A particularidade do nosso regime de sentido é a sua balcanização[1] (regionalização). Há como que cantões (regiões correspondentes à preguiça, à riqueza, ao amor, etc.) que podem chocar entre si, como se não houvesse uma unificação entre eles. Diz-se que o significado da existência é míope porque, tal como os dias de nevoeiro, o alcance da visão que temos dele pode variar (nevoeiro que se vê até 10, 20, 30 m...). Ou seja, não há um alcance contínuo da visão da vida. Por isso estamos condicionados a viver de acordo com objectivos que vamos estabelecendo dia a dia, consoante a distância da nossa visão nessa altura (eg, acabar a faculdade, deixar de fumar, etc.) Diz-se também que é a prazo, pois as coisas vão aparecendo no dia-a-dia, não estão todas estabelecidas ao mesmo tempo.

Muitas vezes há choques entre as várias determinações (regiões): a unidade do conjunto de sentidos da nossa vida é lassa e variável (ie, podemos ir adoptando diferentes regimes de sentidos ao longo da vida). Mas há ou não uma presidência neste regime de sentidos? Na verdade, há uma unificação do regime de sentido da vida que somos nós. Tudo o que fazemos é por mor de nós. Mas o que somos nós? Somos uma inconstância, devido ao facto de sermos completamente balcanizados (um dia fazemos x por nós e no dia seguinte já podemos fazer y também por nós, sendo que esse y pode ser contrário ao x). A balcanização é realmente completa? Sim e não. Tudo o que fazemos é por mor de nós próprios, mas nessa equação o «nós» corresponde a uma variável.


[1] Balcanizar é, de acordo com Houaiss, «fragmentar (uma região, um país ou império) em Estados menores, tornando-os (ou não) antagónicos. A acepção pejorativa do verbo balcanizar reflecte a fragmentação histórica dos Balcãs, caracterizando-os como área de constante conflito e permanente instabilidade.

15 de dezembro de 2006

SENTIDO DO MUNDO - 1

A tese é: «vivemos sob a presidência do Mundo». Pretendo debruçar-me, ao longo de vários posts, sobre a reflexão filosófica do que é o mundo e de como nos encontramos nele.

O mundo corresponde à autonomização do finito. A nossa vida está determinada pelo sistema de possibilidade finitas (eg, nascer em Portugal é um conjunto de possibilidades de ser português, falar português, comer comida portuguesa, etc.).
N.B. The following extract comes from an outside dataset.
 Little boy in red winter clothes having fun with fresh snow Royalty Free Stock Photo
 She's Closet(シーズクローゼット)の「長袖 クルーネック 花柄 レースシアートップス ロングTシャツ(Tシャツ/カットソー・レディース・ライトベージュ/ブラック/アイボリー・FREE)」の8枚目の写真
A nossa existência está condicionada por esse conjunto de possibilidades que nos é oferecido (eg, falar português, a nossa altura, a nossa massa corporal, o alcance da visão, etc.)

O conjunto de possibilidades contém em si o significado da nossa existência. Ou seja, aquilo que atribui significado à nossa existência é uma coisa possível de realizar porque está condicionada às nossas possibilidades. Quando determinado sujeito chega à conclusão de que aquilo que atribui significado à sua existência é algo impraticável, porque está além das suas possibilidades, dá-se o desespero. Isto quer dizer que o conjunto de possibilidades oferecidas não possibilita uma existência válida a esse sujeito, já que ele pensa essas possibilidades como insignificantes ou nulas.